:: Exercise objective ::
Each line from the beginning of the data below through the line containing "1986 Chevrolet K10 Custom Deluxe 4x4" should be repeated exactly, please.

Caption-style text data
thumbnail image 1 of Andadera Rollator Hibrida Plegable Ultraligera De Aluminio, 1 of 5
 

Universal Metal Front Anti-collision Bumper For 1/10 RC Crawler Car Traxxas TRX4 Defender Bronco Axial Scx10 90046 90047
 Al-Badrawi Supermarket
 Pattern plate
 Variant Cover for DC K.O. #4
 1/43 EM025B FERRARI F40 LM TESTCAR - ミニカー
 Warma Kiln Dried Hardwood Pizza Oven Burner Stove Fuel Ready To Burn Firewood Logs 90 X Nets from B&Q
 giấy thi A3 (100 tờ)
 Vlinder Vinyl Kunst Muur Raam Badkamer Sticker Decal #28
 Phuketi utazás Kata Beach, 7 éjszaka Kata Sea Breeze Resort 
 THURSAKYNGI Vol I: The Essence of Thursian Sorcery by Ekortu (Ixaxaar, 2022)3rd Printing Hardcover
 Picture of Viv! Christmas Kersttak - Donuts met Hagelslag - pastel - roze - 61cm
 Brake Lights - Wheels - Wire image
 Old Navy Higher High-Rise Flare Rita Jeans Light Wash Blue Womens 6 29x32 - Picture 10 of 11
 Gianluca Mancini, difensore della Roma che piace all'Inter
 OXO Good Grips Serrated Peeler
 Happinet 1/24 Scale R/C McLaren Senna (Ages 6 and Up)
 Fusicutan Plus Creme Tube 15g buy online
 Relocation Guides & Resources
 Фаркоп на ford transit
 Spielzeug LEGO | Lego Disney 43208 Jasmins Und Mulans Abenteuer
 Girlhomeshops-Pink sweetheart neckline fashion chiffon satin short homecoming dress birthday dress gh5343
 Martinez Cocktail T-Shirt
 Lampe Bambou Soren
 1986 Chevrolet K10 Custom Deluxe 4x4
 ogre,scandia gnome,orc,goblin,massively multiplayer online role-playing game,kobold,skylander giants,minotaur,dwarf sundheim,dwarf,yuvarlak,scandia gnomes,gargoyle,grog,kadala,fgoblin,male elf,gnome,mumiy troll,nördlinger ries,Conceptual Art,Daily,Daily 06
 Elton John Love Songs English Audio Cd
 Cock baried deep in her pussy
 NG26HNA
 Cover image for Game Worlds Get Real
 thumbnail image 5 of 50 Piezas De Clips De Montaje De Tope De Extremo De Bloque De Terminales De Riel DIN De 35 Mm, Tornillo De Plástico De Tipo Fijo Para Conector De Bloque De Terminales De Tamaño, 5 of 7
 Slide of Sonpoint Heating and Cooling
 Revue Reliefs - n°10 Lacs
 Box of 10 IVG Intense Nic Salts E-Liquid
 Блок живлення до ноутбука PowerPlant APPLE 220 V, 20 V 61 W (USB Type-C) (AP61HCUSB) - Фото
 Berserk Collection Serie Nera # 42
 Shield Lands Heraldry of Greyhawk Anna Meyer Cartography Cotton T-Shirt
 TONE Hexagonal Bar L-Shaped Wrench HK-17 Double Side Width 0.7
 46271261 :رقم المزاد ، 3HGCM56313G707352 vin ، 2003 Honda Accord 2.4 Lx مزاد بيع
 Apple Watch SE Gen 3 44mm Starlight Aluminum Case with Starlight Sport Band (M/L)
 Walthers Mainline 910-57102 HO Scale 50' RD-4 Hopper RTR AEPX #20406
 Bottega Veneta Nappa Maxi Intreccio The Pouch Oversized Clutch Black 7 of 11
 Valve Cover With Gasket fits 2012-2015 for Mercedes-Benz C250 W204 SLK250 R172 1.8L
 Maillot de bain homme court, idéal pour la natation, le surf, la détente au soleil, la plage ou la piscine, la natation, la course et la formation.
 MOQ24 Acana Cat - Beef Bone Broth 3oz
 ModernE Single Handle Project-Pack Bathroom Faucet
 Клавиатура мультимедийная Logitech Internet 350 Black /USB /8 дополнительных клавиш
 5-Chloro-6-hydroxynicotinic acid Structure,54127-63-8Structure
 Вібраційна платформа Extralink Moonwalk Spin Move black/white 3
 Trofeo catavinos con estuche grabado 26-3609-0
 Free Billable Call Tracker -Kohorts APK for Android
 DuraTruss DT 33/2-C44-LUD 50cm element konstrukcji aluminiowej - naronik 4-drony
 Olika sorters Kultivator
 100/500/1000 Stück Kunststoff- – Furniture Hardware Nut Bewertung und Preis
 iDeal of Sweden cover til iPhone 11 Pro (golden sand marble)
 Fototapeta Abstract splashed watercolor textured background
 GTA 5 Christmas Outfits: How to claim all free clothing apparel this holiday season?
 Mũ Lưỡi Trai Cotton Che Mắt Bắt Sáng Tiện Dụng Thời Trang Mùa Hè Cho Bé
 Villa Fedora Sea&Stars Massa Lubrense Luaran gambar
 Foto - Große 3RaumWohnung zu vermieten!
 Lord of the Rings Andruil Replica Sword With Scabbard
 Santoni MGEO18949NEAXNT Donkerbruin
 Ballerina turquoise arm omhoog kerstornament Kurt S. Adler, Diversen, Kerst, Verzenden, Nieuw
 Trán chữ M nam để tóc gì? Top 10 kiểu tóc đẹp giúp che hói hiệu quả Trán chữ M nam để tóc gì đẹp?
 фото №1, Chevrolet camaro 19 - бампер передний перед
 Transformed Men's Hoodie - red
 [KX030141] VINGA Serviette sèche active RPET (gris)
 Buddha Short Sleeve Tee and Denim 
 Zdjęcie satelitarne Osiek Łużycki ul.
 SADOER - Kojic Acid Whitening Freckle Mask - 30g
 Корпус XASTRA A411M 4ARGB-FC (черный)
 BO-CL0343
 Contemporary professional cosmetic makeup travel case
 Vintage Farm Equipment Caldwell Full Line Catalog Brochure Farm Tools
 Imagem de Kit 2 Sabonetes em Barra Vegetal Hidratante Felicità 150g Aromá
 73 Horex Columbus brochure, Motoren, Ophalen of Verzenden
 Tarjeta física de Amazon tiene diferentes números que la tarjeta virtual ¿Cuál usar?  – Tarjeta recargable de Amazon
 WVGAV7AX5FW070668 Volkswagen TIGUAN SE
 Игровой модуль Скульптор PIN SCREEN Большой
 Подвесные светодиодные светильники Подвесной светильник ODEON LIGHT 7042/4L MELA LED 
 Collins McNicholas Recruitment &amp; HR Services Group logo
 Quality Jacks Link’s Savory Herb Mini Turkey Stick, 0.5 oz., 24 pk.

:: Solution to this exercise ::
thumbnail image 1 of Andadera Rollator Hibrida Plegable Ultraligera De Aluminio, 1 of 5
 

Universal Metal Front Anti-collision Bumper For 1/10 RC Crawler Car Traxxas TRX4 Defender Bronco Axial Scx10 90046 90047
 Al-Badrawi Supermarket
 Pattern plate
 Variant Cover for DC K.O. #4
 1/43 EM025B FERRARI F40 LM TESTCAR - ミニカー
 Warma Kiln Dried Hardwood Pizza Oven Burner Stove Fuel Ready To Burn Firewood Logs 90 X Nets from B&Q
 giấy thi A3 (100 tờ)
 Vlinder Vinyl Kunst Muur Raam Badkamer Sticker Decal #28
 Phuketi utazás Kata Beach, 7 éjszaka Kata Sea Breeze Resort 
 THURSAKYNGI Vol I: The Essence of Thursian Sorcery by Ekortu (Ixaxaar, 2022)3rd Printing Hardcover
 Picture of Viv! Christmas Kersttak - Donuts met Hagelslag - pastel - roze - 61cm
 Brake Lights - Wheels - Wire image
 Old Navy Higher High-Rise Flare Rita Jeans Light Wash Blue Womens 6 29x32 - Picture 10 of 11
 Gianluca Mancini, difensore della Roma che piace all'Inter
 OXO Good Grips Serrated Peeler
 Happinet 1/24 Scale R/C McLaren Senna (Ages 6 and Up)
 Fusicutan Plus Creme Tube 15g buy online
 Relocation Guides & Resources
 Фаркоп на ford transit
 Spielzeug LEGO | Lego Disney 43208 Jasmins Und Mulans Abenteuer
 Girlhomeshops-Pink sweetheart neckline fashion chiffon satin short homecoming dress birthday dress gh5343
 Martinez Cocktail T-Shirt
 Lampe Bambou Soren
 1986 Chevrolet K10 Custom Deluxe 4x4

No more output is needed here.